Reputation: 3813
I'm using C++ for the first time from PHP. I was playing around with some code. To my understanding cin.get();
was suppose to stop the window from closing until I press a key, however it doesn't seem to be working because of the code before it, I don't know what the problem is. Here is my code:
#include <iostream>
#include <cstdlib>
using namespace std;
int multiply (int x, int y);
int main ()
{
int x;
int y;
cout << "Please enter two integers: ";
cin >> x >> y;
int total = multiply(x, y);
cout << total;
cin.get();
}
int multiply (int x, int y) {
return x*y;
}
Upvotes: 1
Views: 5376
Reputation: 31
You may use
cin.ignore(256,'\n');
just before the final
cin.get();
This discards the unintentional '\n' keyed in as part of reading x and y. The page stops from closing till an additional key press as desired.
Upvotes: 3
Reputation: 8164
Put a
cin.ignore(numeric_limits<streamsize>::max(),'\n')
after >> x >> y;
(or before cin.get()
).
This flushes the buffer of cin
and deletes the pending \n
which is still there, because you cin
reads x and y but also reads the last return (after y). This gets read in when you call cin.get()
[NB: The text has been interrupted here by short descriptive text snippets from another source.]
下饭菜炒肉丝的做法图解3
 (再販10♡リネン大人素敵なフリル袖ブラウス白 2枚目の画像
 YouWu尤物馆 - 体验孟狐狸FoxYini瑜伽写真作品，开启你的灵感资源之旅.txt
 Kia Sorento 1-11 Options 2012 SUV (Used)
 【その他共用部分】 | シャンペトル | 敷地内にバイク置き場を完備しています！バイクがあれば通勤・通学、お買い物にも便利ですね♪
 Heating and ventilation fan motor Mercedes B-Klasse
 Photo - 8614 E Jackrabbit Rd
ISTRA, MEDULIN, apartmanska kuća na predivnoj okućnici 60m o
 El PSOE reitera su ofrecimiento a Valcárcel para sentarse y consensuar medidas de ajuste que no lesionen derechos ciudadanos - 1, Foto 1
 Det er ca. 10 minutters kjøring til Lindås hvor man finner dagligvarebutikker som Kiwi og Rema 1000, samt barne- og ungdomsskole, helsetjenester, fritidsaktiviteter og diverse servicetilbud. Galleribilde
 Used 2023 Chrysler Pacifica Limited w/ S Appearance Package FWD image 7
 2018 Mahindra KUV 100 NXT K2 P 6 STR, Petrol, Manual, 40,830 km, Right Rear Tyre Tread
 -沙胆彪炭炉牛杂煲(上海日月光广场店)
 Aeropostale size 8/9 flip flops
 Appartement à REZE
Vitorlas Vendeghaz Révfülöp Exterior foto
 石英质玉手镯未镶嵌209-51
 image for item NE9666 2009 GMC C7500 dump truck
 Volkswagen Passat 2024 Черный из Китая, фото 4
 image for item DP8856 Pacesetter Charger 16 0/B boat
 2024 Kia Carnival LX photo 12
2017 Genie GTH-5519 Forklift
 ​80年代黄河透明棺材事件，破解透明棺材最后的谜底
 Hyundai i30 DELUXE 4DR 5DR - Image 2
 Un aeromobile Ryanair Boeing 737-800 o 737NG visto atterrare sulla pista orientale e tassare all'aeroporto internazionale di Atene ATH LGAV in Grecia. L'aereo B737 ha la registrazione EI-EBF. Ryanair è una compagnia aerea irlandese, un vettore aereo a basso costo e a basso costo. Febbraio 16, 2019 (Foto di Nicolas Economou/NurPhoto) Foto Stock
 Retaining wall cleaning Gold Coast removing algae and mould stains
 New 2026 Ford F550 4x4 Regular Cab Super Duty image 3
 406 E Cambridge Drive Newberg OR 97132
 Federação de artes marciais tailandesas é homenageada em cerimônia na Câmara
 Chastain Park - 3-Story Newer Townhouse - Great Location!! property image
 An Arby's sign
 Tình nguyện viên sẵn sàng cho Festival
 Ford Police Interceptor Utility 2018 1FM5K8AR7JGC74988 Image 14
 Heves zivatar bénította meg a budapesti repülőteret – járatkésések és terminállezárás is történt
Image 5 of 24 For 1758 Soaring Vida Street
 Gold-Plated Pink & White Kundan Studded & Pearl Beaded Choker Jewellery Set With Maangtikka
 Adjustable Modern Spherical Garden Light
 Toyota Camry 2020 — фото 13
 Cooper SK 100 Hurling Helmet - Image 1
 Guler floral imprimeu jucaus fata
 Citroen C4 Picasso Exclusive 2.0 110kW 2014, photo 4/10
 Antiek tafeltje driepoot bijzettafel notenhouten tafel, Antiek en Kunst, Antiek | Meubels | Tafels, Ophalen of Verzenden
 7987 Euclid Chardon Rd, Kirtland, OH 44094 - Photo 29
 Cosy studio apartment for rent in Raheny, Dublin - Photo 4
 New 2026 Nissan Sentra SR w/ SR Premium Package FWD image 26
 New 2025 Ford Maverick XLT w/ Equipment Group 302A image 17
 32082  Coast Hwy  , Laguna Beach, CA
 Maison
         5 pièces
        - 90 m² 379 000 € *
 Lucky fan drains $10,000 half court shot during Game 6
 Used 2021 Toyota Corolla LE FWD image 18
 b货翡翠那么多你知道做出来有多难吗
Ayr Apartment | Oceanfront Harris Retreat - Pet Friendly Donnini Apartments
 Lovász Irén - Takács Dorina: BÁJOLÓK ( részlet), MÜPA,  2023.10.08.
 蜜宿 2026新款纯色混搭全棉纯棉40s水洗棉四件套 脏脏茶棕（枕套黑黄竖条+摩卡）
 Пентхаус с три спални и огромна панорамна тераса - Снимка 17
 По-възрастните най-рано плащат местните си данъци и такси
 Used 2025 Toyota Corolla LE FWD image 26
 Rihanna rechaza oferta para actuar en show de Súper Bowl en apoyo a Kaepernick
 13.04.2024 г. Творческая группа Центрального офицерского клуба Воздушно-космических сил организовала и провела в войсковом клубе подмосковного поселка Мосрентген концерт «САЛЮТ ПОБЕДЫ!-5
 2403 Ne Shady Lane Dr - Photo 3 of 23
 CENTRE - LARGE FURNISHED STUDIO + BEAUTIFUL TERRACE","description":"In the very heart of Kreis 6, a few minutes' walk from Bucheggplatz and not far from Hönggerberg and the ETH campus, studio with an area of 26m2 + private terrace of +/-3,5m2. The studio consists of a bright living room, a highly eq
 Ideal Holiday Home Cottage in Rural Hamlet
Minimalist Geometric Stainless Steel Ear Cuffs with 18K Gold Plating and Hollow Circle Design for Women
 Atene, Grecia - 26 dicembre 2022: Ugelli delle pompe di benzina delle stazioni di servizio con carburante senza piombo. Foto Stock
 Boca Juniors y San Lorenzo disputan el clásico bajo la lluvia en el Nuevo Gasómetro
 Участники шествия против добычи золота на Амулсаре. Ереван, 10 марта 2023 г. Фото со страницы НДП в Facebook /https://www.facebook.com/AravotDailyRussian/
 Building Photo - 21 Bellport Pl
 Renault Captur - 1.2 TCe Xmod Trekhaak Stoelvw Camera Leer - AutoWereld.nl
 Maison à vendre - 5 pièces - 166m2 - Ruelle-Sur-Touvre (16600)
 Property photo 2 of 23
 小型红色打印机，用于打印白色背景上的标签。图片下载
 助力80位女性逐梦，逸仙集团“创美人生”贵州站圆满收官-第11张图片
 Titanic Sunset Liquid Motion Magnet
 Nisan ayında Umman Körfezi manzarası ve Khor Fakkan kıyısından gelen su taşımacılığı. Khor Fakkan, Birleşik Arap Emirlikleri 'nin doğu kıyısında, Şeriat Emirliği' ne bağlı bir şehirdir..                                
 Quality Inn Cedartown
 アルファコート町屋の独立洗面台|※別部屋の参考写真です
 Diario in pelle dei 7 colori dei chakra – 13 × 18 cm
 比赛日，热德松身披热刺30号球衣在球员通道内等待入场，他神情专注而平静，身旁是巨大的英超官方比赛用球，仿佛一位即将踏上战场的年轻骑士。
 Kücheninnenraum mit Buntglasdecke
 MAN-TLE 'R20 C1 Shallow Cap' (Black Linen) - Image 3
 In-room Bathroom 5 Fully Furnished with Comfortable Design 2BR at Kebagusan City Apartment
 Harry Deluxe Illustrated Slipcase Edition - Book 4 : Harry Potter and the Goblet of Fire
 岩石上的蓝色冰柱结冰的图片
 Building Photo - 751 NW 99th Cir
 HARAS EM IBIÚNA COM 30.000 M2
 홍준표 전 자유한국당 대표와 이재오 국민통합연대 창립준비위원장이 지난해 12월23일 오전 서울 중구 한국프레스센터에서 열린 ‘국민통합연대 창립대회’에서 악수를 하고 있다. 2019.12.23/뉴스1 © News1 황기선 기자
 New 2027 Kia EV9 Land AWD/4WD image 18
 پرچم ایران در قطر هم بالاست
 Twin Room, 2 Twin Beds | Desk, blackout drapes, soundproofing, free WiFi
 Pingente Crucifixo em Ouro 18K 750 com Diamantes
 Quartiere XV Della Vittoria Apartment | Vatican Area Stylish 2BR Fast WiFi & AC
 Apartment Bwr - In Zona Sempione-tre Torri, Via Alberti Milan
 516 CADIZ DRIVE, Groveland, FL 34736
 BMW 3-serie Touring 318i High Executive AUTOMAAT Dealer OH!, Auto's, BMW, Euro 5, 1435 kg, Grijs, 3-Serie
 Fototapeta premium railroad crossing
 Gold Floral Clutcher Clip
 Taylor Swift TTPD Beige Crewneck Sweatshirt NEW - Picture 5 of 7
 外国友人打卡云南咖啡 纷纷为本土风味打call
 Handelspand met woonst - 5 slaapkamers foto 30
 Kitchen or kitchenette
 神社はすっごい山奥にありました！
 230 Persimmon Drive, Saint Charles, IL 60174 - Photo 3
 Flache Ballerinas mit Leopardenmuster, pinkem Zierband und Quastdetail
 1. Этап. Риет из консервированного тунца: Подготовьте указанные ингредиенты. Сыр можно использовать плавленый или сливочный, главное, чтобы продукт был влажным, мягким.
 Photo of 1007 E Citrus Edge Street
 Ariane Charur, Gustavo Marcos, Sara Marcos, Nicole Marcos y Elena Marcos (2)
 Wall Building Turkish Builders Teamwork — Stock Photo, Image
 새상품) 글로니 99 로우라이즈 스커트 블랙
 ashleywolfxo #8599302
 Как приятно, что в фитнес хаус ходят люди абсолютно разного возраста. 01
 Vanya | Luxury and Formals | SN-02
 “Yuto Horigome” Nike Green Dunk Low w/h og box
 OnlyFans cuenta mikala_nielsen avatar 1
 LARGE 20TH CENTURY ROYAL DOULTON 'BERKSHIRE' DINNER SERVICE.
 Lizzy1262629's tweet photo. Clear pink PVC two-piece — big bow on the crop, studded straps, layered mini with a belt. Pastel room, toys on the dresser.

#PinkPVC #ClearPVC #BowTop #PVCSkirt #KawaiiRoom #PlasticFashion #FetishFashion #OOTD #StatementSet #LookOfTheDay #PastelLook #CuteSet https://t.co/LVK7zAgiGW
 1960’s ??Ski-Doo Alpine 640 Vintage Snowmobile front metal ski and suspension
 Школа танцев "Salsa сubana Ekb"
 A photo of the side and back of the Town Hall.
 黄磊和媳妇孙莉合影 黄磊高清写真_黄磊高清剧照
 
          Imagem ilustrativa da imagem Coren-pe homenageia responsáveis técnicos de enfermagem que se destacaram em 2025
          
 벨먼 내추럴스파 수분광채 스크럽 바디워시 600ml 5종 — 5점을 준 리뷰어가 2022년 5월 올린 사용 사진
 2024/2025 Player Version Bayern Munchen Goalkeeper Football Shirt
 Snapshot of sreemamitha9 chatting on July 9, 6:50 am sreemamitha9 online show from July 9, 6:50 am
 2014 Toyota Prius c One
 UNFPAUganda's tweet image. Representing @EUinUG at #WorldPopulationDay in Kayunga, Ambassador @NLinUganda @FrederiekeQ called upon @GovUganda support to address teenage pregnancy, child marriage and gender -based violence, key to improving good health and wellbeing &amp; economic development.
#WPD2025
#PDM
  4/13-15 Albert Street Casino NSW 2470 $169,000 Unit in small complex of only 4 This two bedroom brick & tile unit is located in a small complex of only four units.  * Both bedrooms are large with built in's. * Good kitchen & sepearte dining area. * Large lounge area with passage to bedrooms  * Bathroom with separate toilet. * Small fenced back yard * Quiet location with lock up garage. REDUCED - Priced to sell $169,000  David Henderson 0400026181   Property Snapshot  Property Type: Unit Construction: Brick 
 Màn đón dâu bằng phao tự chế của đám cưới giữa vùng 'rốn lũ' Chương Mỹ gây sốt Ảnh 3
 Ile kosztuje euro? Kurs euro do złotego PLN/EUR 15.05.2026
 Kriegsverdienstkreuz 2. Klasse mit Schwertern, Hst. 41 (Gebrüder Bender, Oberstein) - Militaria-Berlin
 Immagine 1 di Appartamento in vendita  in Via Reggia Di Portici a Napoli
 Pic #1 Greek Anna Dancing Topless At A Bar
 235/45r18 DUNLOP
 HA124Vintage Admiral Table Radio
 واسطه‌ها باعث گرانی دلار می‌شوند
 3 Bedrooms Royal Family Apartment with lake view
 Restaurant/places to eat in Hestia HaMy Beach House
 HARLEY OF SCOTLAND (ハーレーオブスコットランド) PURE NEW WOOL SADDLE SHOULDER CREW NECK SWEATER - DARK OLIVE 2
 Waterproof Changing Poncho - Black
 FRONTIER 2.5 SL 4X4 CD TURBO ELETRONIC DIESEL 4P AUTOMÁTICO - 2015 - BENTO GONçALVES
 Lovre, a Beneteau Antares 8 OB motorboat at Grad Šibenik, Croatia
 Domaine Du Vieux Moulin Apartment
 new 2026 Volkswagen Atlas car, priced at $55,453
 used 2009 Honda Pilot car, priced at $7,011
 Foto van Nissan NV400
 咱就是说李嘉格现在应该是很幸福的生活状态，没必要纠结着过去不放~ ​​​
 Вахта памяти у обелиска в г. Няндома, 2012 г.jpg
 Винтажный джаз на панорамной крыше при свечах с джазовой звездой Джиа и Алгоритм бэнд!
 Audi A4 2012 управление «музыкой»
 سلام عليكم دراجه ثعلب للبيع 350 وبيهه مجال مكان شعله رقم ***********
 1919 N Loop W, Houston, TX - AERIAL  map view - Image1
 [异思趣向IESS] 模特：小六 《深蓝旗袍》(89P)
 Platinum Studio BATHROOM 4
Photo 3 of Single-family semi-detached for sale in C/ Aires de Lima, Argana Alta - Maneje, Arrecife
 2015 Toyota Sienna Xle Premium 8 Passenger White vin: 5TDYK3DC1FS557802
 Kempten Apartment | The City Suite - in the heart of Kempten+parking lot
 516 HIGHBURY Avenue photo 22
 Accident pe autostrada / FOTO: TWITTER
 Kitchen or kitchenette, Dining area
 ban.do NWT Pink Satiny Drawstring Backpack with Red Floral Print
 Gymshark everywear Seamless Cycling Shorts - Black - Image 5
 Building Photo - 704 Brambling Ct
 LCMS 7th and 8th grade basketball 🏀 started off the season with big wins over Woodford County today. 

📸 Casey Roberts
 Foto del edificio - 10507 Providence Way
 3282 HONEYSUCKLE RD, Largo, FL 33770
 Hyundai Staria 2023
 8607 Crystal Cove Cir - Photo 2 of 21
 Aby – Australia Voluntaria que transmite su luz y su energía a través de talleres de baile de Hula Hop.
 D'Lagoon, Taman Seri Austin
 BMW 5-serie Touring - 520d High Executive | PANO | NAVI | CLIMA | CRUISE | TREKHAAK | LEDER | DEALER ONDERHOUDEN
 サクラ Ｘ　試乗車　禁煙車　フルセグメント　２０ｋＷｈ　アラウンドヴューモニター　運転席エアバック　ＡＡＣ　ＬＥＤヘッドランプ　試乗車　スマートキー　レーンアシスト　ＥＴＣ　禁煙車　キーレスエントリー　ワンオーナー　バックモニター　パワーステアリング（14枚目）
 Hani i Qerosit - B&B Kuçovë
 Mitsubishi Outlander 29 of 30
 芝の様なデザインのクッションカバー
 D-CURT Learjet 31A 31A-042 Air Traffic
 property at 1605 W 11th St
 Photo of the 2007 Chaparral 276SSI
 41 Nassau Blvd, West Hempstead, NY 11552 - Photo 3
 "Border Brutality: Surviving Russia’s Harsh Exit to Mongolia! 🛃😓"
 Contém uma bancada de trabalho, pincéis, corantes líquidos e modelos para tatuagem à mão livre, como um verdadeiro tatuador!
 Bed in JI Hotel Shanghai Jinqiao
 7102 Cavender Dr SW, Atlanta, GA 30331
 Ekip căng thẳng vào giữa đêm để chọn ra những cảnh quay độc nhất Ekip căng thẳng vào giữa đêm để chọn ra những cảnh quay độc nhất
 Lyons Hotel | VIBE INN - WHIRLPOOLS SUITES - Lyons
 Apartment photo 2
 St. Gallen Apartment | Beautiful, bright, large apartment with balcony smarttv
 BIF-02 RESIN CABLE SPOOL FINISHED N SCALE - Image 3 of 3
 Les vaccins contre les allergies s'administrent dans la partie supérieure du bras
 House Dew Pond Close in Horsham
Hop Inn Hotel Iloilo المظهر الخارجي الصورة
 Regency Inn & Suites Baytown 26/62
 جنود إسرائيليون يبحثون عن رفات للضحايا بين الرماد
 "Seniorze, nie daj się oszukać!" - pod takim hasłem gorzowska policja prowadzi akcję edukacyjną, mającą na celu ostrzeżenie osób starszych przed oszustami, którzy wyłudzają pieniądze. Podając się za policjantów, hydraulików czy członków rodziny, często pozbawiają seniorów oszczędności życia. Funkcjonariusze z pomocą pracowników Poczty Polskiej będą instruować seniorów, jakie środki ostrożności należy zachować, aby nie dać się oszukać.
. If you flush the buffer cin.get()
will see an empty buffer and everything is fine.
Upvotes: 5
Reputation: 361792
It reads the newline character which is still left present in the input stream as the previous read could extract it from the stream.
See this:
cin >> x >> y;
It only reads two integers, but it doesn't read the newline character which was entered when you hit the button.